A repetition of the experiment using a 5 kV Dc source. The bridge continued until the electricity was interrupted in the last frame.

The water thread experiment is a phenomenon that occurs when two containers of deionized water, placed on an insulator, are connected by a thread, then a high-voltage positive electric charge is applied to one container, and a negative charge to the other. At a critical voltage, an unsupported water liquid bridge is formed between the containers, which will remain even when they are separated. The phenomenon was first reported in 1893 in a public lecture by the British engineer William Armstrong.

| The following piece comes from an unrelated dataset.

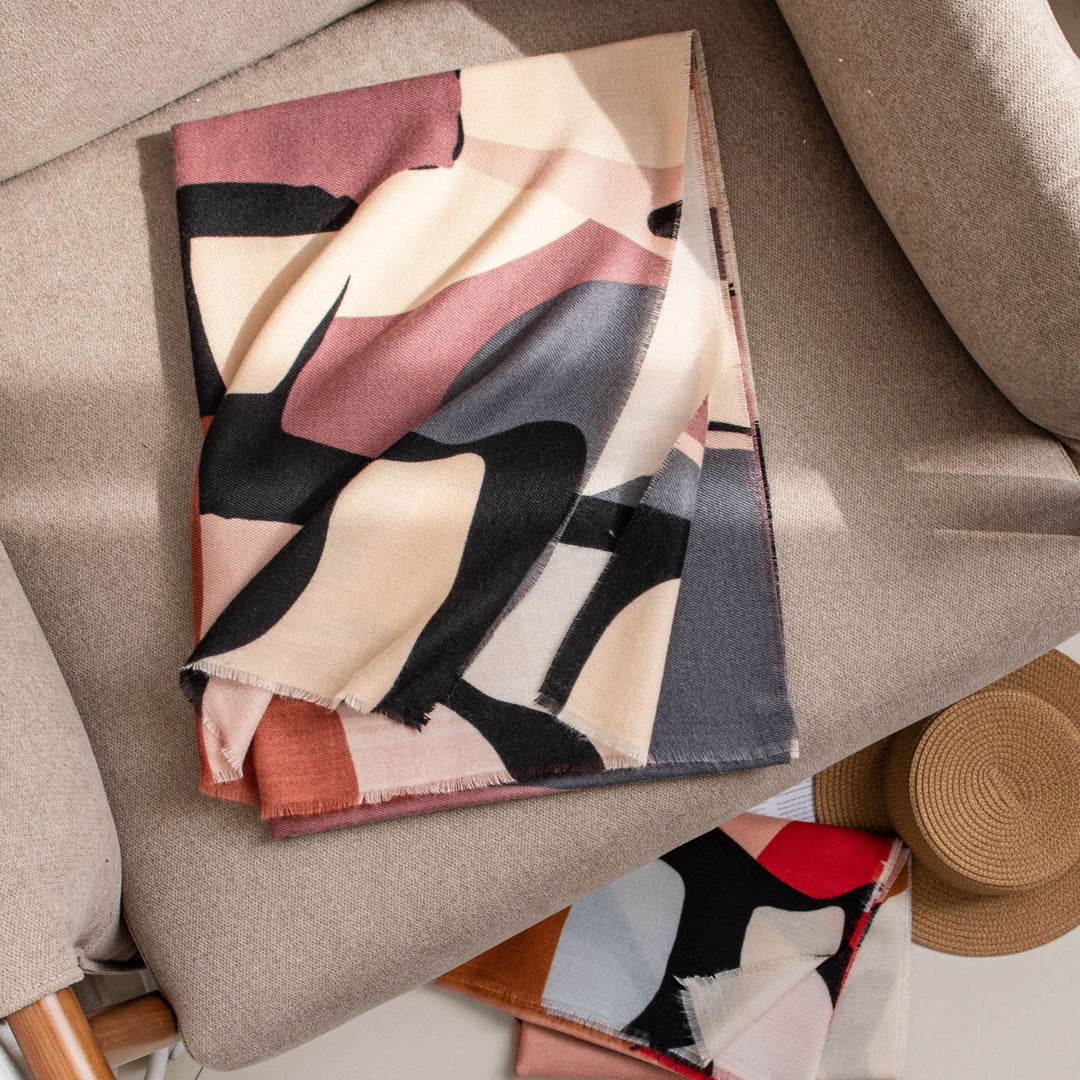 Sjaal met abstracte kleurblokprint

The bridge as observed in a typical configuration has a diameter of 1–3 mm so the bridge remains intact when pulled as far as 25 mm, and remains stable up to 45 minutes. The surface temperature also rises from an initial surface temperature of 20 C up to 60 C before breakdown.

==Experiment==
In a typical experiment, two 100 mL beakers are filled with deionized water to roughly 3 mm below the edge of the beaker, and the water exposed to 15 kV direct current, with one beaker turning negative, and the other positive. After building up electric charge, the water then spontaneously rises along the thread over the glass walls and forms a "water bridge" between them. When one beaker is slowly pushed away from the other, the structure remains. When the voltage rises to 25 kV, the structure can be pulled apart as far as 25 mm. If the thread is very short, then the force of the water may be strong enough to push the thread from the positive glass into the negative glass.

The water generally travels from anode to cathode, but the direction may vary due to the different surface charge that builds up at the water bridge surface, which will generate electrical shear stresses of different signs. The bridge breaks into droplets due to capillary action when the beakers are pulled apart at a critical distance, or the voltage is reduced to a critical value.

The bridge needs clean, deionized water to be formed, and its stability is dramatically reduced as ions are introduced into the liquid (by either adding salt or from electrochemical reactions at the electrode surface).

== Causes ==
Although the phenomenon still needs to be studied further, the scientific community agrees that surface polarization at the water surface when a high tangent electrical field is applied is responsible for the extraordinary stability of the system, which has been confirmed via experiments, theory and simulations. The same mechanism has been known for decades and has been applied for stabilization of liquid films and oil liquid bridges in the past. Some have speculated that this bridge is made up of an H_{3}O_{2} lattice or exclusion zone water. However, there is no single experimental proof or measurement of such claims.